* _DATA SHOWN_
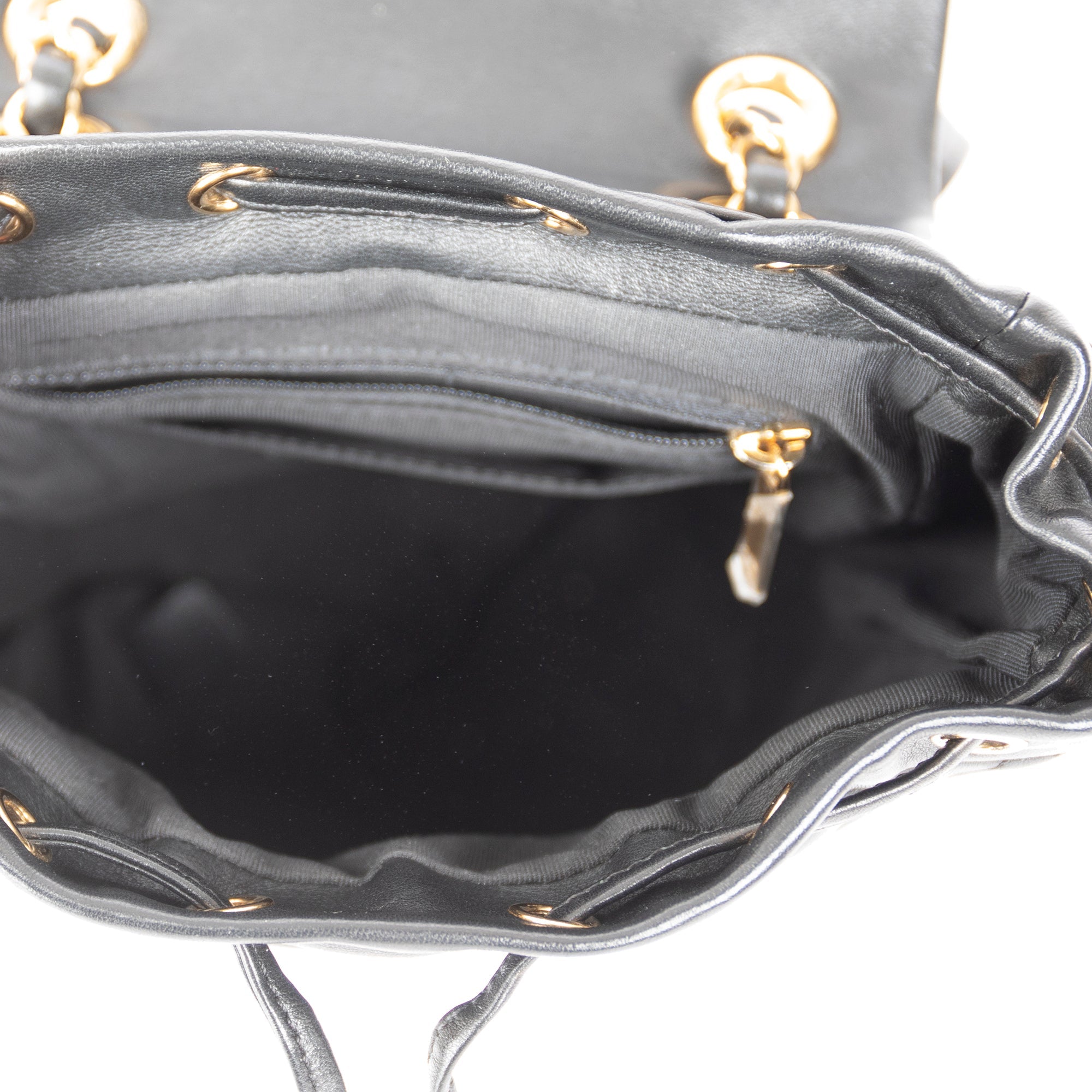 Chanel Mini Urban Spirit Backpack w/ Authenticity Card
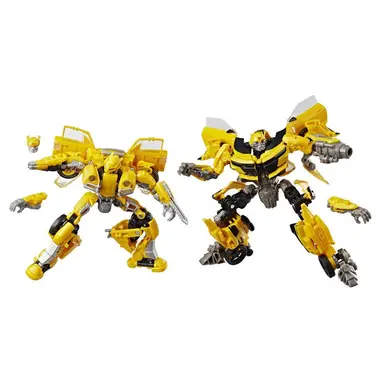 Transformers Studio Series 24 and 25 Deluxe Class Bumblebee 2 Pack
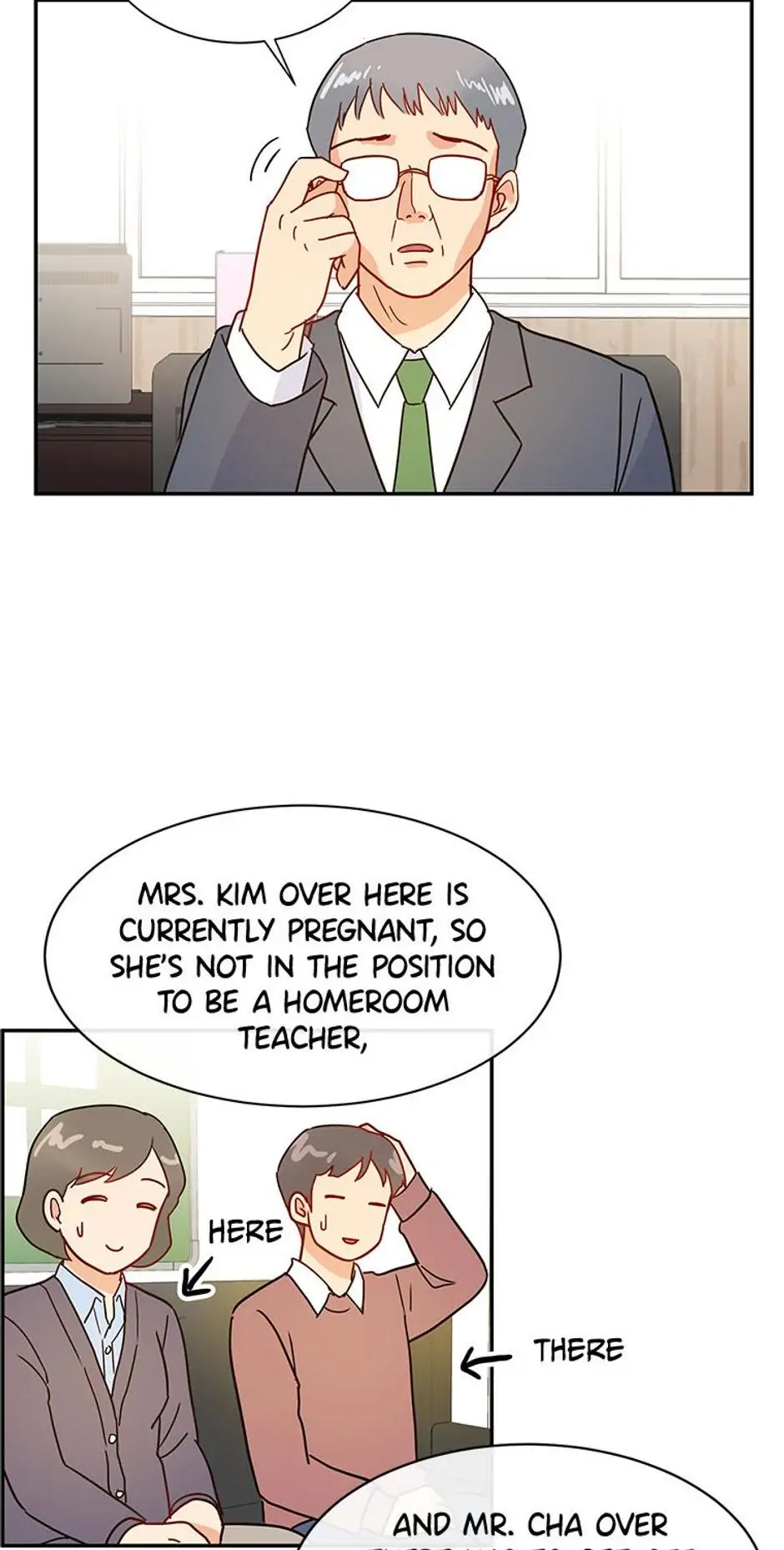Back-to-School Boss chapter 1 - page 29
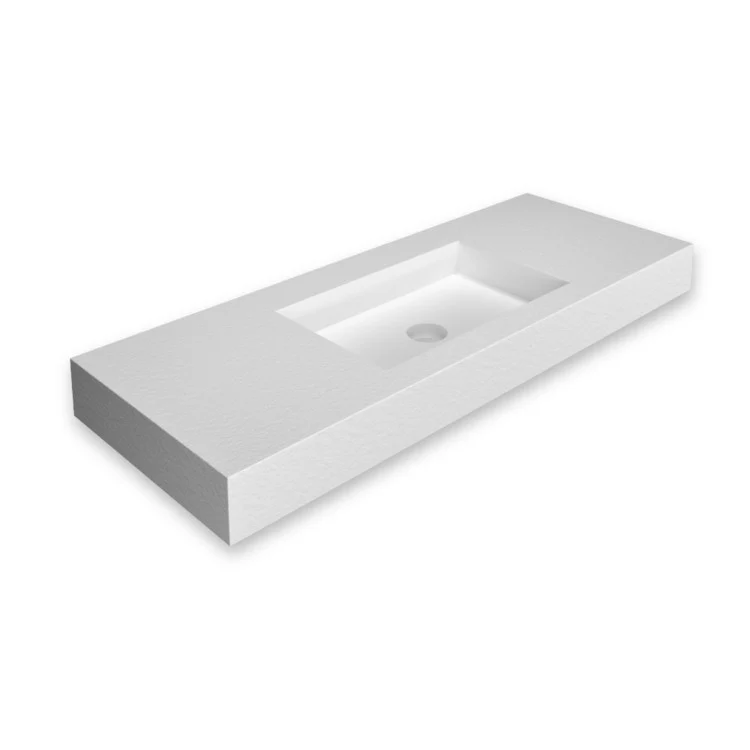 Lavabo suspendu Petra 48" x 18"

* _YOUR GOAL_
Restate the listing word for word, pictures omitted.

* _EXERCISE SOLUTION_
 Chanel Mini Urban Spirit Backpack w/ Authenticity Card
 Transformers Studio Series 24 and 25 Deluxe Class Bumblebee 2 Pack
Back-to-School Boss chapter 1 - page 29
 Lavabo suspendu Petra 48" x 18"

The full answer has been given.